[[ Raw data open ]]

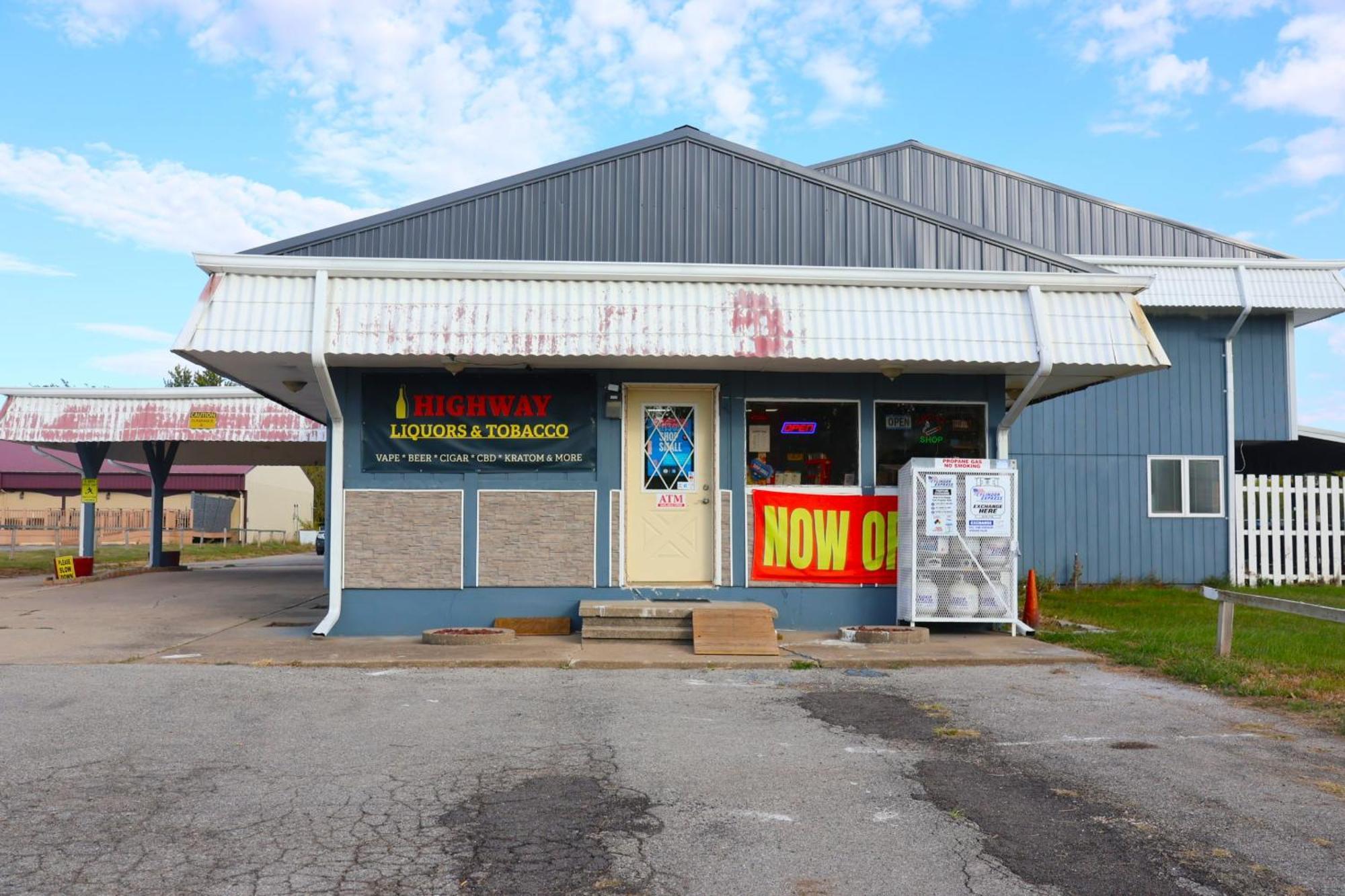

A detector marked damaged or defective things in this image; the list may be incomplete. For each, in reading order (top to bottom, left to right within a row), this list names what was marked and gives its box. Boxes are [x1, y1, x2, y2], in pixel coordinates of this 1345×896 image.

cracked pavement [0, 659, 1340, 887]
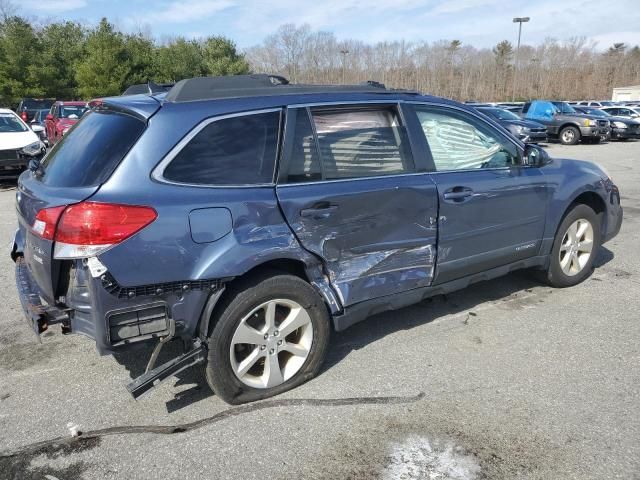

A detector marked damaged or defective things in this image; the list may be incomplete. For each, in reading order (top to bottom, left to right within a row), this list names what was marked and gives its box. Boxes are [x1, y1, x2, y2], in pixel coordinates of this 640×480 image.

damaged blue suv [13, 76, 620, 404]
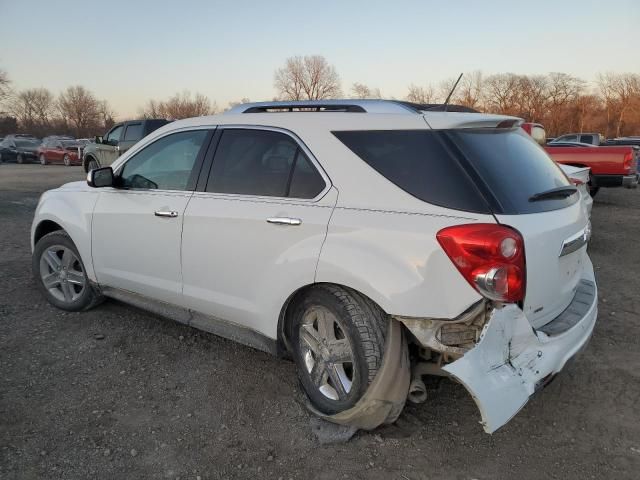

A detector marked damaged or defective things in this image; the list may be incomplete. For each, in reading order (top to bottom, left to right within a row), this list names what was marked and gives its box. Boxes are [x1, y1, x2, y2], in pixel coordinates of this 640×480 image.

broken tail light [438, 224, 528, 302]
crushed rear bumper [442, 258, 596, 436]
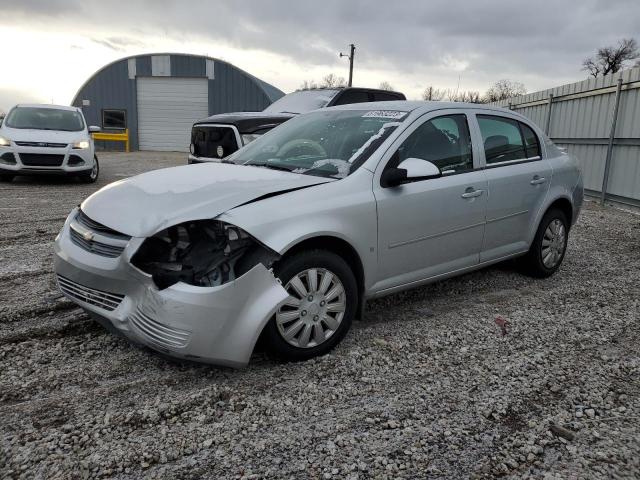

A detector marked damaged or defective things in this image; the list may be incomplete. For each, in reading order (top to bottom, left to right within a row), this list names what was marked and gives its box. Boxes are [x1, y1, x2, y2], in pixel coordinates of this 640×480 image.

crushed front bumper [53, 210, 288, 368]
cracked headlight [131, 220, 278, 288]
damaged silver sedan [56, 100, 584, 364]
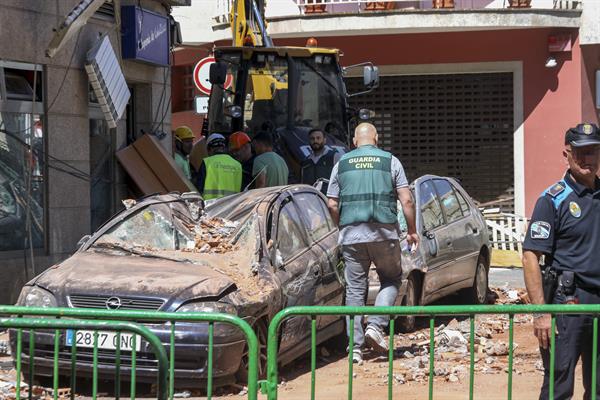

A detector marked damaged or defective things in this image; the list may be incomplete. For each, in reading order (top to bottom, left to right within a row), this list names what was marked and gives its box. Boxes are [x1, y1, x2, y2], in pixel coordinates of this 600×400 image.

damaged car [11, 187, 344, 388]
damaged car [366, 176, 492, 332]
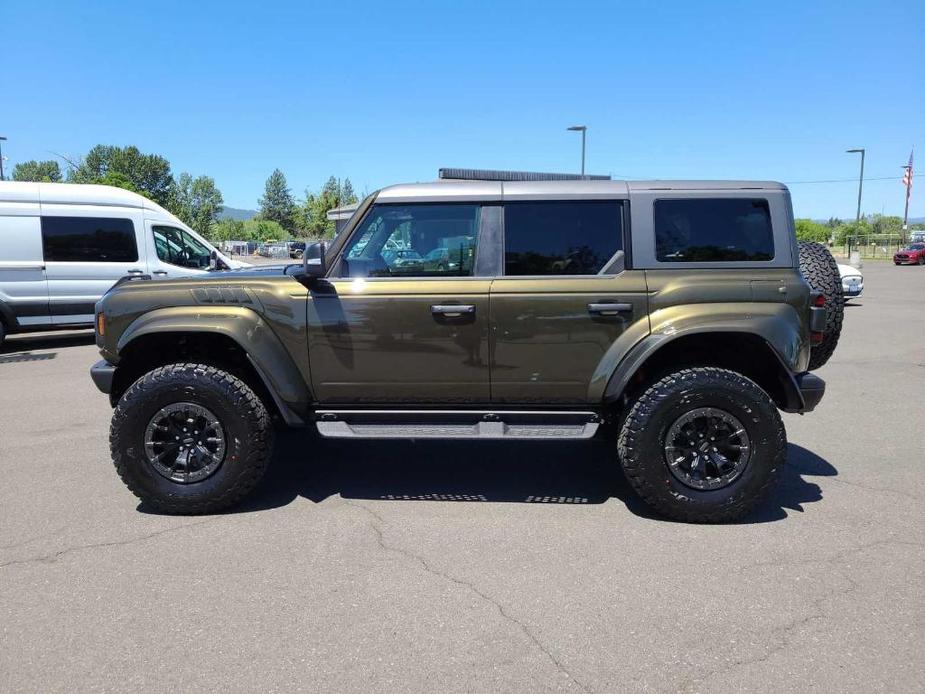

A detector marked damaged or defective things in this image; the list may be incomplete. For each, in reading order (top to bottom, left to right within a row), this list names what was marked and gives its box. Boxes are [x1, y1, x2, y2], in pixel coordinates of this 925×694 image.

cracked asphalt [0, 264, 920, 692]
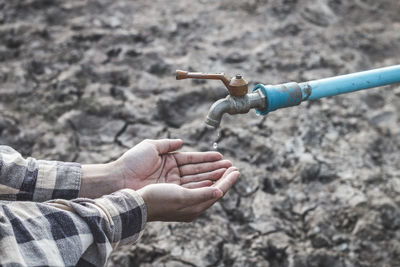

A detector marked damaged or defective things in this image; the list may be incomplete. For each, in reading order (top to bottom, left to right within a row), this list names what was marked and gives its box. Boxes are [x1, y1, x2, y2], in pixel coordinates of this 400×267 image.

rusty faucet handle [176, 70, 248, 97]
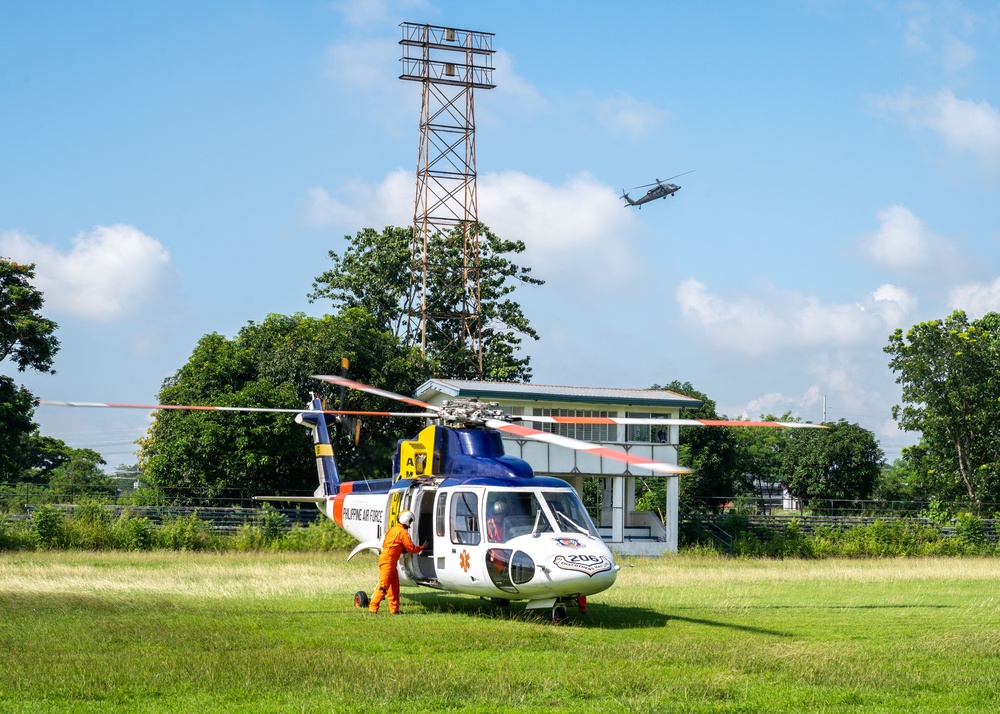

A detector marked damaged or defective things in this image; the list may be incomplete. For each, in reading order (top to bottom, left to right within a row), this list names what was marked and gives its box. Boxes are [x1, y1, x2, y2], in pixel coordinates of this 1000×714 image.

rusted steel tower [396, 21, 494, 376]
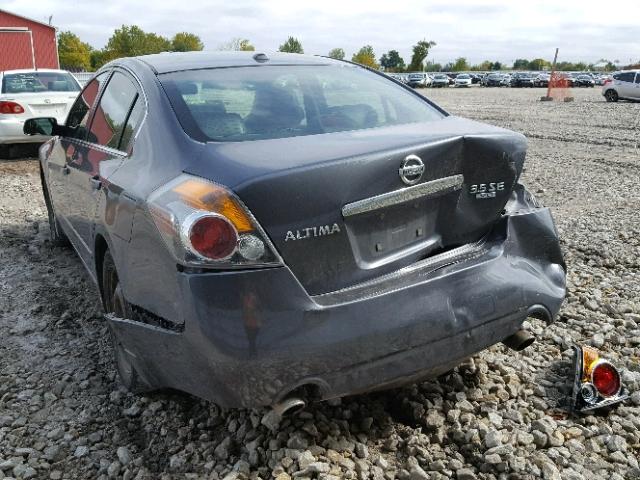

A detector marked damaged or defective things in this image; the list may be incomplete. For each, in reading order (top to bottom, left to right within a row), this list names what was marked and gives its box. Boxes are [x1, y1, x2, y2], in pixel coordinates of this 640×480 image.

damaged rear bumper [105, 186, 564, 406]
broken tail light on ground [572, 344, 628, 412]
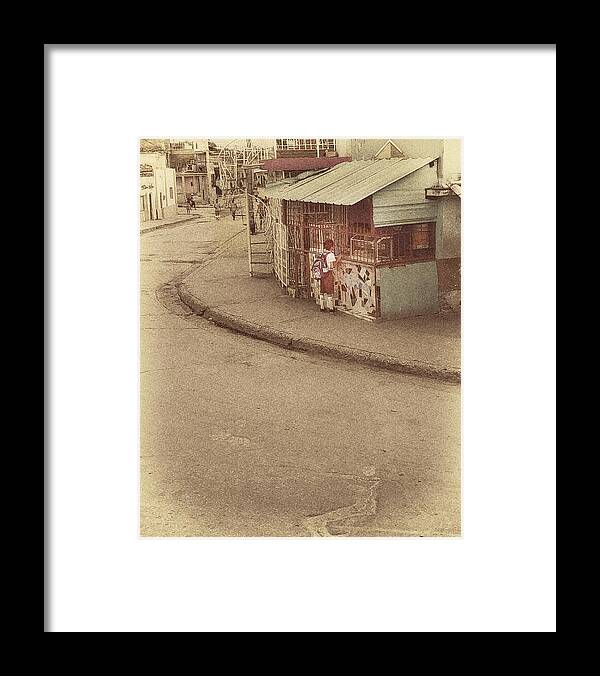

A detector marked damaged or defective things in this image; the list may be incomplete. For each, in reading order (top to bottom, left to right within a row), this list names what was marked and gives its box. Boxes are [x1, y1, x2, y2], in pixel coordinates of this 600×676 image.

cracked asphalt [142, 218, 464, 540]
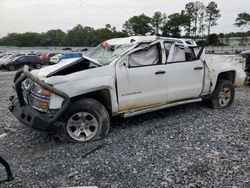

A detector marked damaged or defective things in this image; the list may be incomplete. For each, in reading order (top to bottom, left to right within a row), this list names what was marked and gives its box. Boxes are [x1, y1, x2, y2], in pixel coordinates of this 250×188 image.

shattered windshield [86, 41, 133, 66]
damaged hood [31, 55, 100, 79]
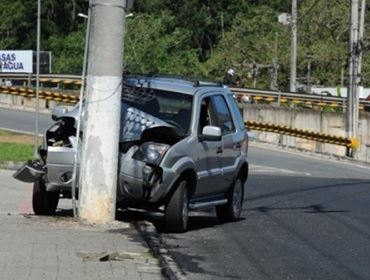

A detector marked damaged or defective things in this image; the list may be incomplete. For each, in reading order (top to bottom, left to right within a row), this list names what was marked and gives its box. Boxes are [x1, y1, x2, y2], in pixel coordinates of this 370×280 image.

crashed suv [13, 76, 249, 232]
broken headlight [133, 141, 171, 165]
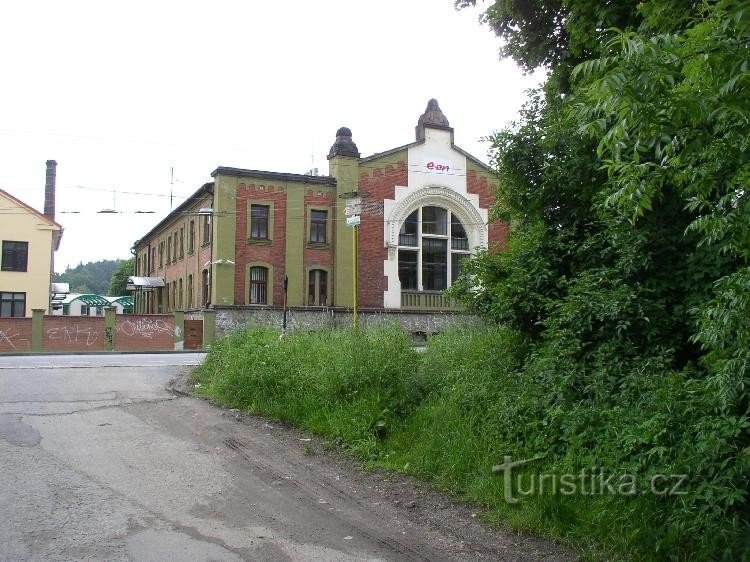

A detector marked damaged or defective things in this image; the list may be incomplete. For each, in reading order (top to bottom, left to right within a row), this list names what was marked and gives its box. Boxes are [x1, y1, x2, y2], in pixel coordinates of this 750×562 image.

cracked asphalt [0, 352, 576, 556]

[[ Raw data closed ]]

Exercise: Give exactly the lines from the one with "this 750×562 image." to the end of the entries, nothing before them.

Output below:
A detector marked damaged or defective things in this image; the list may be incomplete. For each, in reading order (top to bottom, left to right within a row), this list names what was marked and gives its box. Boxes are [x1, y1, x2, y2], in pixel coordinates of this 750×562 image.

cracked asphalt [0, 352, 576, 556]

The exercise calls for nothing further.